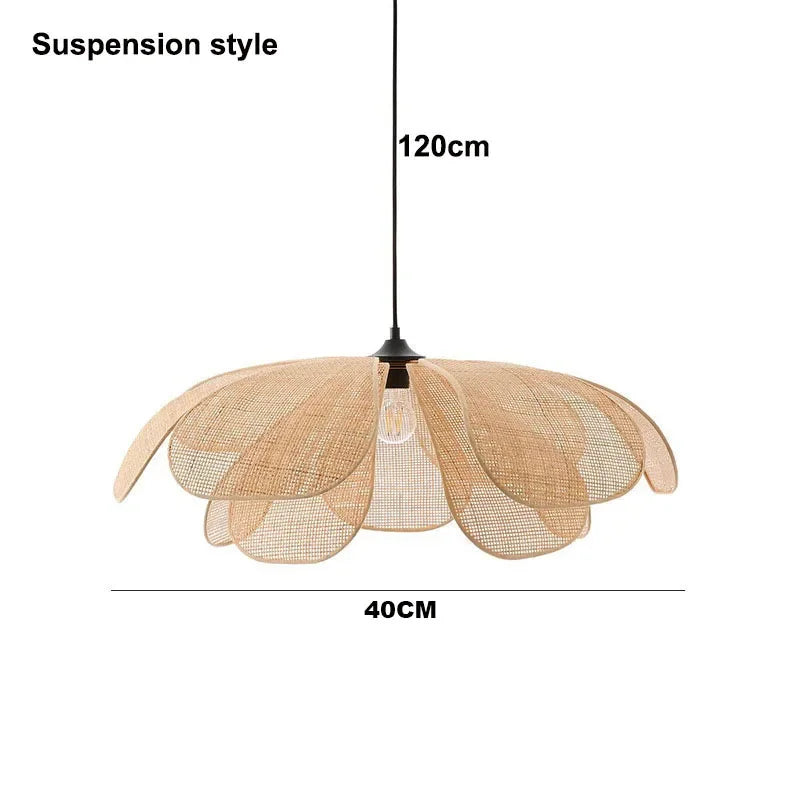 Afralia™ Rattan Flower Chandelier: Handmade Woven Lampshade for Living & Dining Room Lighting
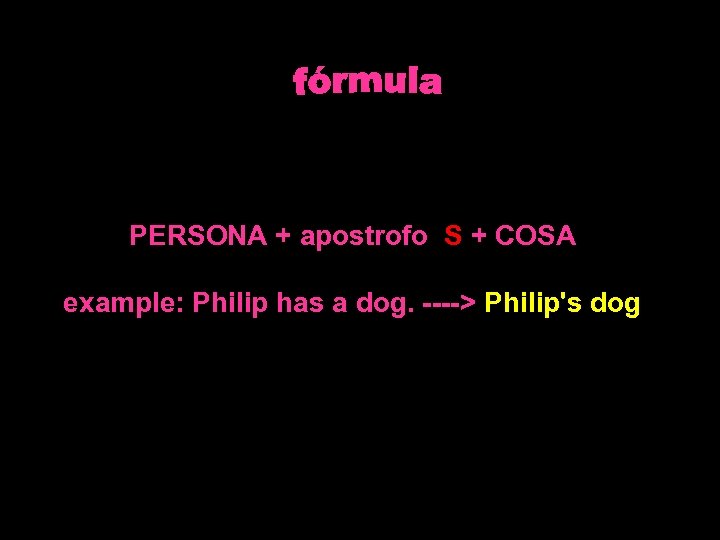 PERSONA + apostrofo S + COSA example: Philip has a dog. ----> Philip's dog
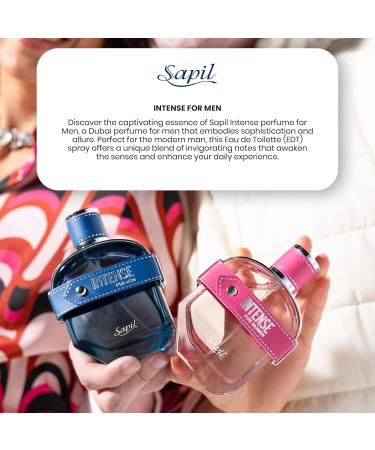 Sapil Intense Perfume for Men - Long-Lasting Fresh Spicy Dubai Cologne - 3.4 Oz (100 ml) EDT Spray - Ideal Arabic Cologne for Daily Wear and Gifting - Buy Online on GoSupps.com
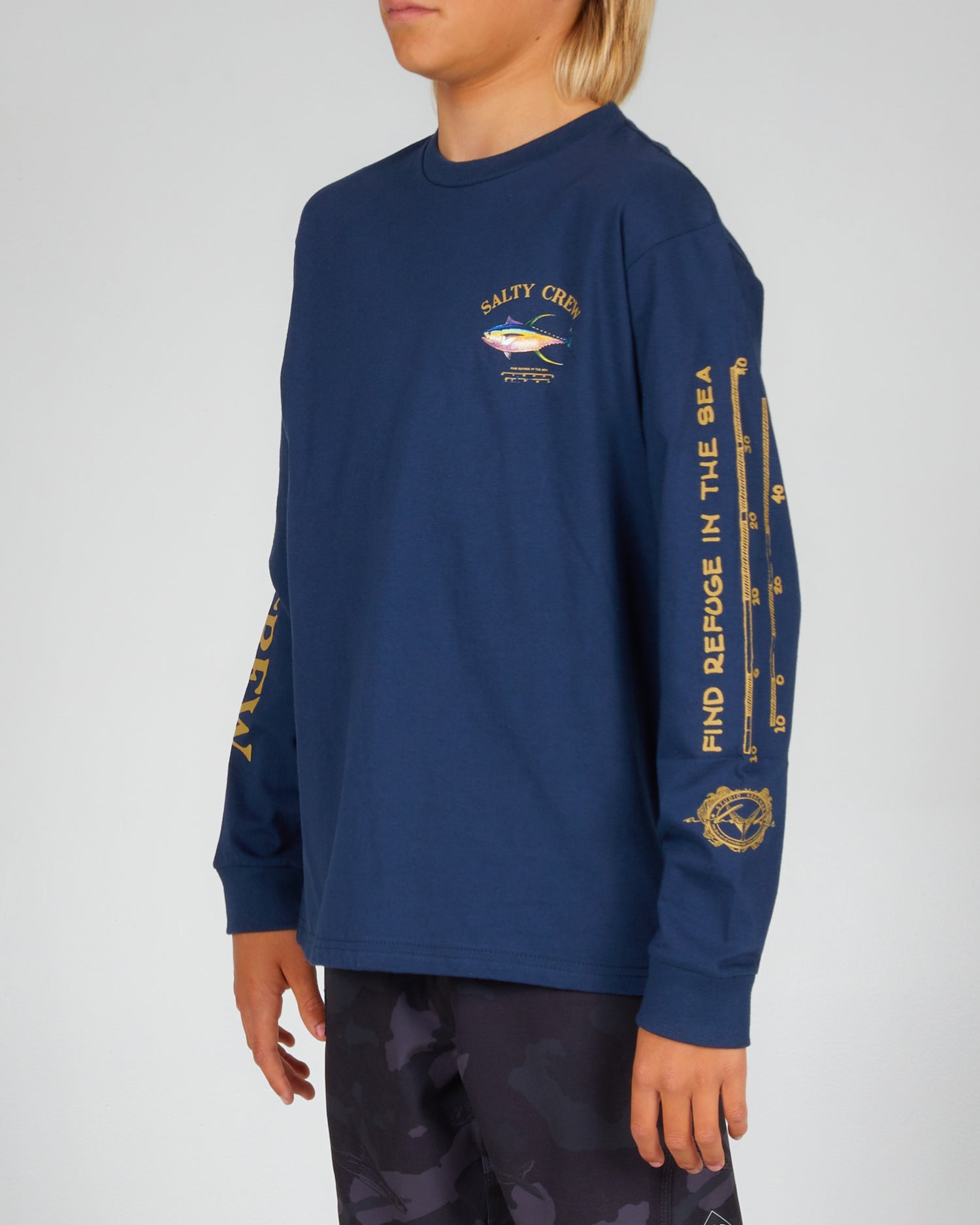 front angled Ahi Mount Boys Navy L/S Tee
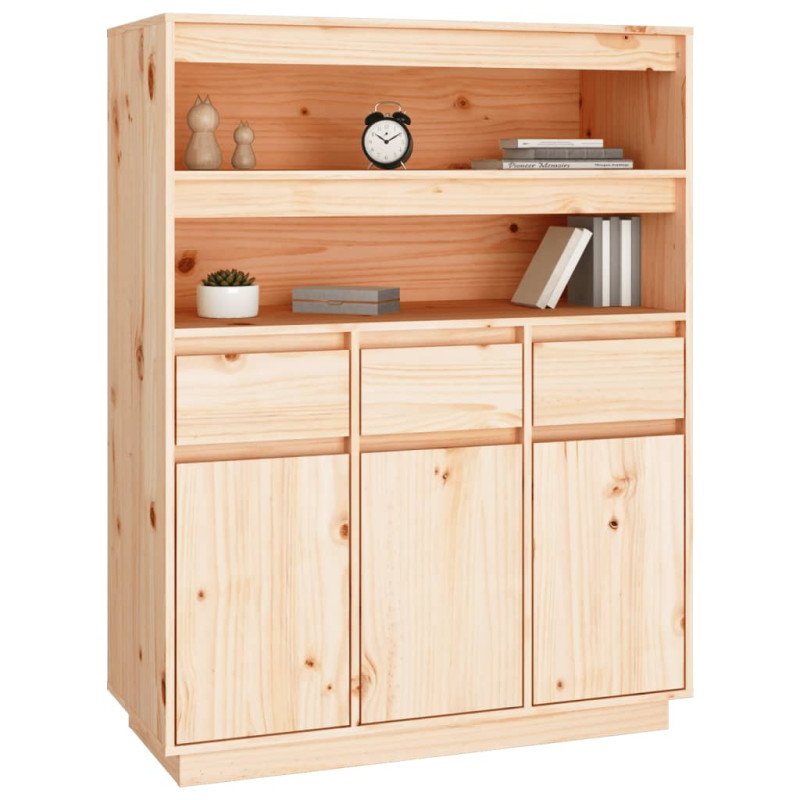 vidaXL Vysoká skrinka 89x40x116,5 cm masívna borovica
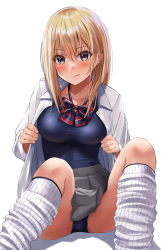Rule 34 | 1girl, black eyes, blonde hair, blue bow, blue bowtie, blue one-piece swimsuit, blush, bow, bowtie, collarbone, collared shirt, commentary request, ear piercing, grey skirt, hair between eyes, highres, knees up, licking lips, long hair, looking at viewer, loose socks, multicolored bowtie, one-piece swimsuit, original, piercing, pleated skirt, red bow, red bowtie, school swimsuit, school uniform, shirt, sitting, skindentation, skirt, socks, solo, swimsuit, swimsuit under clothes, taut clothes, taut swimsuit, thighs, tongue, tongue out, unbuttoned, unbuttoned shirt, undressing, uniform, v-shaped eyebrows, white background, white shirt, white socks, wing collar, yukemuriganmo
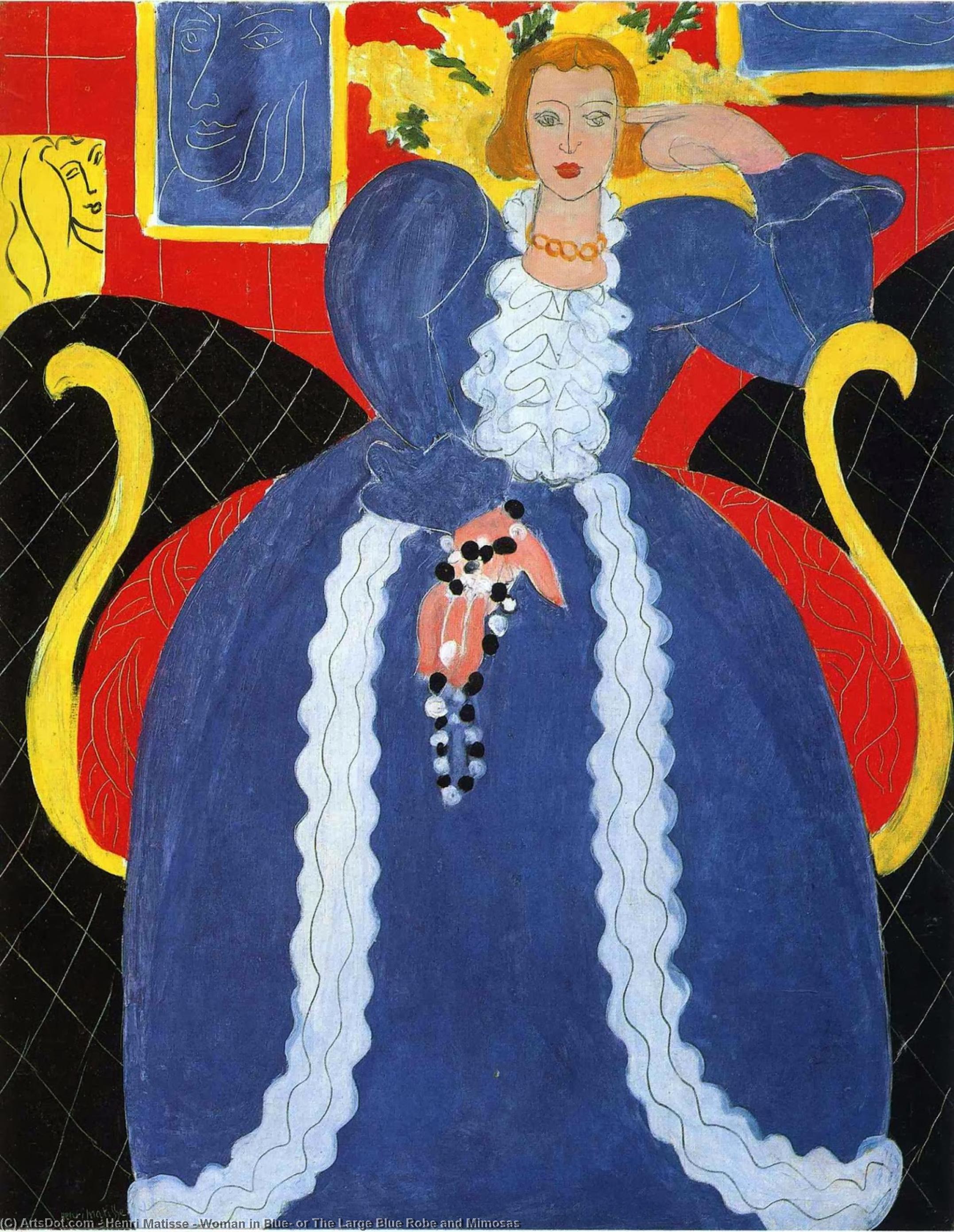 Donna In Blu, O La Grande Robe Blu E Mimosas — Henri Matisse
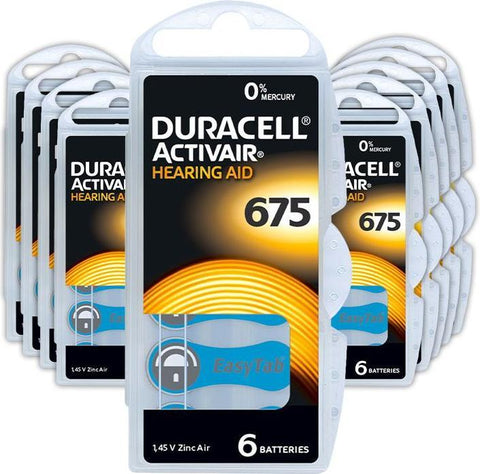 120x Duracell 675 Activair Hearing Aid Batteries Zinc Air 1.45V Mercury Free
· · · · · · ·
Return the listing verbatim, pictures excluded.

→ **RESPONSE BELOW**:
 Afralia™ Rattan Flower Chandelier: Handmade Woven Lampshade for Living & Dining Room Lighting
 PERSONA + apostrofo S + COSA example: Philip has a dog. ----> Philip's dog
 Sapil Intense Perfume for Men - Long-Lasting Fresh Spicy Dubai Cologne - 3.4 Oz (100 ml) EDT Spray - Ideal Arabic Cologne for Daily Wear and Gifting - Buy Online on GoSupps.com
 front angled Ahi Mount Boys Navy L/S Tee
 vidaXL Vysoká skrinka 89x40x116,5 cm masívna borovica
Rule 34 | 1girl, black eyes, blonde hair, blue bow, blue bowtie, blue one-piece swimsuit, blush, bow, bowtie, collarbone, collared shirt, commentary request, ear piercing, grey skirt, hair between eyes, highres, knees up, licking lips, long hair, looking at viewer, loose socks, multicolored bowtie, one-piece swimsuit, original, piercing, pleated skirt, red bow, red bowtie, school swimsuit, school uniform, shirt, sitting, skindentation, skirt, socks, solo, swimsuit, swimsuit under clothes, taut clothes, taut swimsuit, thighs, tongue, tongue out, unbuttoned, unbuttoned shirt, undressing, uniform, v-shaped eyebrows, white background, white shirt, white socks, wing collar, yukemuriganmo
 Donna In Blu, O La Grande Robe Blu E Mimosas — Henri Matisse
 120x Duracell 675 Activair Hearing Aid Batteries Zinc Air 1.45V Mercury Free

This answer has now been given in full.